Earlier on, VP Chiwenga had told delegates that Zimbabwe was forging ahead with fulfilling its obligations to international undertakings on population management and sexual reproductive health. 

VP Chiwenga said this is further buttressed by the appointment of national agencies and taskforces to push for the attainment of these goals with President Mnangagwa personally monitoring their work. 

“To show how seriously we take this human rights issue of family planning . . . may I hasten to say, ladies and gentlemen, that the Head of State and President of the Republic of Zimbabwe takes the performance of agencies such as the Zimbabwe National Family Planning Council seriously,” said the VP. 

“In this regard, the board chairperson and the chief executive officer sign their annual Performance Contracts in front of His Excellency the President, with quarterly appraisals done, in order to track performance.”

Zimbabwe’s population is still growing, although the birth rate is now close to replacement levels. This is because of other health initiatives that have seen more people living longer, so there are a lot of people born when birth rates were far higher who are still middle-aged. 

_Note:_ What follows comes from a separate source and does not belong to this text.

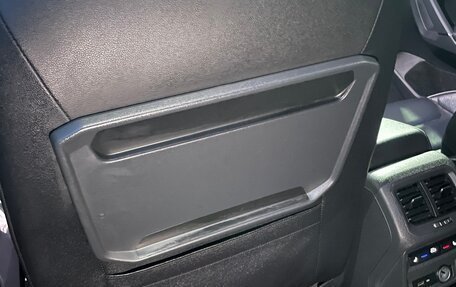Volkswagen Tiguan II, 2020 год, 3 000 000 рублей, 16 фотография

Zimbabwe’s birth rates fell as a direct result of the major effort made in the 1980s to ensure all girls had a full secondary education, coupled with access to reproductive health services and good primary health care for babies and toddlers. 

There was no compulsion but UNFPA has noted that educating girls and women and ensuring they have access to the health services they want for themselves and their children means that women are able to make decisions and to act on what they decide.